A team of researchers evaluated the safety and efficacy of BPA in a cohort of CTEPD and CTEPH patients and outlined a protocol for implementation in the outpatient setting.
The Michigan Medicine Outpatient Balloon Pulmonary Angioplasty Protocol can be summarised as follows:
Pre-procedure:
Imaging evaluation.
Individual patient clinical and anatomic risk stratification.
Multidisciplinary CTEPH team evaluation.
Hemodynamic optimization with pulmonary vasodilators.
Intra-procedure:
Utilize light sedation.
Limit interventions to 3-4 unilateral pulmonary segments per procedure.
Subselective segmental angiography for lesion characterization.
Dilatation until brisk venous return is established.
Adjunctive pressure-wire dilation guidance
Diluted contrast is limited to 3× the patient's GFR per procedure.
Radiation exposure is limited to 2 Gy per procedure.
Advanced airway, interventional and invasive contingencies on standby.
Post-procedure:
Immediate post-procedural chest x-ray.
2 hours of bed rest
After 2 hours, initiation of anticoagulation with IV heparin.
8-12 hours of specialized nursing monitoring in the observational unit.
Follow up via teleconsultation after finishing 2 BPA sessions.
The Results could be summarised as:
Eighteen patients underwent 78 BPA sessions in total.
The improvement in World Health Organization, functional class, and mean improvement in 6-minute walking distance of +67 m was recorded.

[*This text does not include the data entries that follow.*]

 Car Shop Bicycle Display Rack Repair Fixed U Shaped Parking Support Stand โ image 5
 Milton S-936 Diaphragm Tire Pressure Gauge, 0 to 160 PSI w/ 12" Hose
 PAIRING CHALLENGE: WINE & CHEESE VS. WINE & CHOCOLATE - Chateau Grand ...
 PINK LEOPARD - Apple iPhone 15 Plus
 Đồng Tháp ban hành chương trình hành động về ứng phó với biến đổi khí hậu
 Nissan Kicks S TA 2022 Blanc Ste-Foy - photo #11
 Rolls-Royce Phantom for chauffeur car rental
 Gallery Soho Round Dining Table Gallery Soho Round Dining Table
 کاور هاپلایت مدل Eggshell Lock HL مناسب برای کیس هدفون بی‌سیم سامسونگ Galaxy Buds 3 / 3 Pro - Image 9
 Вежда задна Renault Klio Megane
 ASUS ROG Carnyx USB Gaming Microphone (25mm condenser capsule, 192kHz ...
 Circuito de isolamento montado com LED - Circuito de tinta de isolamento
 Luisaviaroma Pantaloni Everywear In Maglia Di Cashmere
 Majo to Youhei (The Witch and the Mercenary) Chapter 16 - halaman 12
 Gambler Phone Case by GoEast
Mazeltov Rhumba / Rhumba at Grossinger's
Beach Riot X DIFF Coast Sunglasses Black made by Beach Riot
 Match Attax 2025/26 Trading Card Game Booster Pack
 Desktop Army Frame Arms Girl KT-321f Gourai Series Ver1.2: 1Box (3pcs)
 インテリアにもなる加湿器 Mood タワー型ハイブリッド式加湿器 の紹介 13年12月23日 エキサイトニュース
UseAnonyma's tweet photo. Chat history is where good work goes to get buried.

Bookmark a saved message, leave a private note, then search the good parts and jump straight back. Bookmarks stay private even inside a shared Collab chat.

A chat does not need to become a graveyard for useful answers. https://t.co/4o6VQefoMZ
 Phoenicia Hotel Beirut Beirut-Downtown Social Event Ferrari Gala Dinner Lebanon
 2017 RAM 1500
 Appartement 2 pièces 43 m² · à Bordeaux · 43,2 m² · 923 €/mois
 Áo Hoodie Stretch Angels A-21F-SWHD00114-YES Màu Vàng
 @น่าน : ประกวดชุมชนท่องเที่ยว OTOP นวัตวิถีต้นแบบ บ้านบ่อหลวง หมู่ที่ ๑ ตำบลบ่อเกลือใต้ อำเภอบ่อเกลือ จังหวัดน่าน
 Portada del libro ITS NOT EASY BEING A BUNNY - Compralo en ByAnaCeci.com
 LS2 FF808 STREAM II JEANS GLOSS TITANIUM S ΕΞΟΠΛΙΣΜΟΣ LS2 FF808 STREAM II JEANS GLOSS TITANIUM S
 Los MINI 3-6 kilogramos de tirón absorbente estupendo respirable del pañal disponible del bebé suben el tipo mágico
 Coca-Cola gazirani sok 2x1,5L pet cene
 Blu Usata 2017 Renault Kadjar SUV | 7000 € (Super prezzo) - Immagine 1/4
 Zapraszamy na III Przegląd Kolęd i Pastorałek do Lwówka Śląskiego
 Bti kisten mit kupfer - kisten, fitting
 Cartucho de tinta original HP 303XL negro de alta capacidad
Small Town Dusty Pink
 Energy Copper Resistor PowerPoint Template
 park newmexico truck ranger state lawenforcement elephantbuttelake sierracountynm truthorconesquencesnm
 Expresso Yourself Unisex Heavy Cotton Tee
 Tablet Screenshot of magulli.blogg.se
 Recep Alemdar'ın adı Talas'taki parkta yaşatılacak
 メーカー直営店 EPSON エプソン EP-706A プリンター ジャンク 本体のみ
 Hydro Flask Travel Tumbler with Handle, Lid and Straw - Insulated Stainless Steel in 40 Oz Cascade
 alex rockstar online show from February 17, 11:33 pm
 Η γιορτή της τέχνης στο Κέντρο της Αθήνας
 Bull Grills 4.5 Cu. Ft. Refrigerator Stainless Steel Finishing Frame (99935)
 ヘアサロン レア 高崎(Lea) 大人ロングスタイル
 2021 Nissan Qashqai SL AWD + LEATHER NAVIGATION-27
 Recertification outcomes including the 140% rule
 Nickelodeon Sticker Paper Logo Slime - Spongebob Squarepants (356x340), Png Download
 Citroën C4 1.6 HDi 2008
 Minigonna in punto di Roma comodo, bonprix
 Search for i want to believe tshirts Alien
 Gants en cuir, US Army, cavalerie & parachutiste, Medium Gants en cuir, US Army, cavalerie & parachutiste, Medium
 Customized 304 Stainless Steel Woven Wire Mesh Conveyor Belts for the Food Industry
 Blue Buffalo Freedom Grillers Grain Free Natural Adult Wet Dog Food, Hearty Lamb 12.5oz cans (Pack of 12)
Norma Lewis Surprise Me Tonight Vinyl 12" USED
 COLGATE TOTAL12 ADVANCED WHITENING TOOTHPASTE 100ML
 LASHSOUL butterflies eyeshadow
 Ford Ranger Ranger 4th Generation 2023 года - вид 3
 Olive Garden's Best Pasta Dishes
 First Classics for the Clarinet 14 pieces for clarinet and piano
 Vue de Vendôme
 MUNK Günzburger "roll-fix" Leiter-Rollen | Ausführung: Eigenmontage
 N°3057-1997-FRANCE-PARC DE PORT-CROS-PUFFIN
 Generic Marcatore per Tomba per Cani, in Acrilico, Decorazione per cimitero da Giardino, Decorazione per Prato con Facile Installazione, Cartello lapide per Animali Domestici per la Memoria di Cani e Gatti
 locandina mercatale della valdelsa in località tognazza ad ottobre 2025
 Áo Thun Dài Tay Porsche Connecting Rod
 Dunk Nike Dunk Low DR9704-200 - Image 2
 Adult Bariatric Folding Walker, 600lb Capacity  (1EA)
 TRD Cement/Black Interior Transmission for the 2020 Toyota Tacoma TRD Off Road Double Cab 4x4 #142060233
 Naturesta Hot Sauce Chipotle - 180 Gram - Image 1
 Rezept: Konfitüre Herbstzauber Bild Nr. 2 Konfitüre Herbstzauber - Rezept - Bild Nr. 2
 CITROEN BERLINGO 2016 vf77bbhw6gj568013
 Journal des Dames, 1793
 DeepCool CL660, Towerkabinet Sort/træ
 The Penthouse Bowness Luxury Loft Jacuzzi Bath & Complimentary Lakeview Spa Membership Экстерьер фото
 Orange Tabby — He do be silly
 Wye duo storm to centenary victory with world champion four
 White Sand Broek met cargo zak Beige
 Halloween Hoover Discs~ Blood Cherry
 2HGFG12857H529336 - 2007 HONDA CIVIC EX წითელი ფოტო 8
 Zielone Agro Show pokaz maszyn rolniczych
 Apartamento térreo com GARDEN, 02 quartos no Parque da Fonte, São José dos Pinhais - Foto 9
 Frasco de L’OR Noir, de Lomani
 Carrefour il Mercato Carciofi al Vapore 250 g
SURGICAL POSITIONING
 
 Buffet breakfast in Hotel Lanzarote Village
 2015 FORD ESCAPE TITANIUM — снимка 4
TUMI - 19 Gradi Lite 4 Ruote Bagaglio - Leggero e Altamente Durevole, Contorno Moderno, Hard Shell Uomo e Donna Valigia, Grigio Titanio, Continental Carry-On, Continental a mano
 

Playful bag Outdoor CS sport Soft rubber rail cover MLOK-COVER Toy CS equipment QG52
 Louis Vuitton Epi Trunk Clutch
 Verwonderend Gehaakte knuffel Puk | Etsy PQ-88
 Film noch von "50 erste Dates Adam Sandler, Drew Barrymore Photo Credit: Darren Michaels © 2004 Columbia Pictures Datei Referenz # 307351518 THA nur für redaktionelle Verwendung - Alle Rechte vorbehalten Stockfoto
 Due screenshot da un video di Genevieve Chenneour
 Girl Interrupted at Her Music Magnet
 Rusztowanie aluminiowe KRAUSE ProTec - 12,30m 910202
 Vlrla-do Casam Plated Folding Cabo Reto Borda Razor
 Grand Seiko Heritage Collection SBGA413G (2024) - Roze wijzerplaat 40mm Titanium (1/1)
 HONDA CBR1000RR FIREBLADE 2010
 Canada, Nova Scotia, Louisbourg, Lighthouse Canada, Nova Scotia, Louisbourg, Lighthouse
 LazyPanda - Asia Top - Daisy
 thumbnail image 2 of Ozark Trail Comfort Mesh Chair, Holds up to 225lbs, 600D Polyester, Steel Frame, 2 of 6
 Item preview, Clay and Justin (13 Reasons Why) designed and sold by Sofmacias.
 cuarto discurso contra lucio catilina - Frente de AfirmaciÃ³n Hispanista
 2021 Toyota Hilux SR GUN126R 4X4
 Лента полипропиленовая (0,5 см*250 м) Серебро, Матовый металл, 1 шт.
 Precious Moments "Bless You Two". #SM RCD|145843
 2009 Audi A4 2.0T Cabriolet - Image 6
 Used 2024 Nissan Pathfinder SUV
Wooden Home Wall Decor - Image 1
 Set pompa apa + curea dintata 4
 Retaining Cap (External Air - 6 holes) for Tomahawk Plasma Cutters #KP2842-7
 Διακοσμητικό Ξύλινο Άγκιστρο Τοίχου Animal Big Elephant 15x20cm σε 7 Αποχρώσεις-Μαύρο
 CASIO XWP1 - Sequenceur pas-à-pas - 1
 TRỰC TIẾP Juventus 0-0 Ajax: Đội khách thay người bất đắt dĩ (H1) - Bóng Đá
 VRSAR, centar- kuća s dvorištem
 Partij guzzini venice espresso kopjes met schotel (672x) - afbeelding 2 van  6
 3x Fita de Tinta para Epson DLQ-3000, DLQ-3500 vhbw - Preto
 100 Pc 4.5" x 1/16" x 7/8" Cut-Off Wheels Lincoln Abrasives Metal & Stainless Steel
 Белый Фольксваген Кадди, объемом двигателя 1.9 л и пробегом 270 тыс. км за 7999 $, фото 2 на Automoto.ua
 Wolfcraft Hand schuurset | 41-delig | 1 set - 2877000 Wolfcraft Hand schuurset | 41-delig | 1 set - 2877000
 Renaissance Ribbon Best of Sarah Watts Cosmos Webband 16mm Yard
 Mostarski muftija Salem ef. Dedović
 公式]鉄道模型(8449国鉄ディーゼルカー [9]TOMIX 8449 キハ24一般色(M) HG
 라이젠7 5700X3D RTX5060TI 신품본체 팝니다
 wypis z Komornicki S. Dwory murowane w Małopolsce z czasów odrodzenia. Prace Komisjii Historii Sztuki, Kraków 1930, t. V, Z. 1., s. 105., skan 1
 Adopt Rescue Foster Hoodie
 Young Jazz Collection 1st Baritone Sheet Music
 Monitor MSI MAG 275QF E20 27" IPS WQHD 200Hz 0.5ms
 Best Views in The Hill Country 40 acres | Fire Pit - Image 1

There was an improvement in hemodynamic parameters with a mean decrease in mean pulmonary artery pressure and pulmonary vascular resistance of 7.3 ± 5.8 mm Hg and 1.7 ± 1.5 Wood units, respectively.
There were low Complication rates.
3/78 patients constituting 3.9 %, developed scant hemoptysis.
One patient had a vascular injury requiring inpatient hospitalization.
They said BPA is safe and effective while performed in the outpatient setting with a standardized protocol with readily available contingencies. Our protocol was borne out of necessity due to healthcare constraints of the COVID-19 pandemic."
The study's limitations include limited patients and standardization of medical therapy, which was not uniform across all patients.
Our results demonstrated improvements in parameters and had low complication rates attributed to an experienced, multidisciplinary BPA team with refined technical expertise comparable with those reported based on multicenter registries, they wrote.
"We do not recommend new programs initiating BPA implement our outpatient postprocedural monitoring. Instead, they wrote that it should be implemented once enough experience is obtained".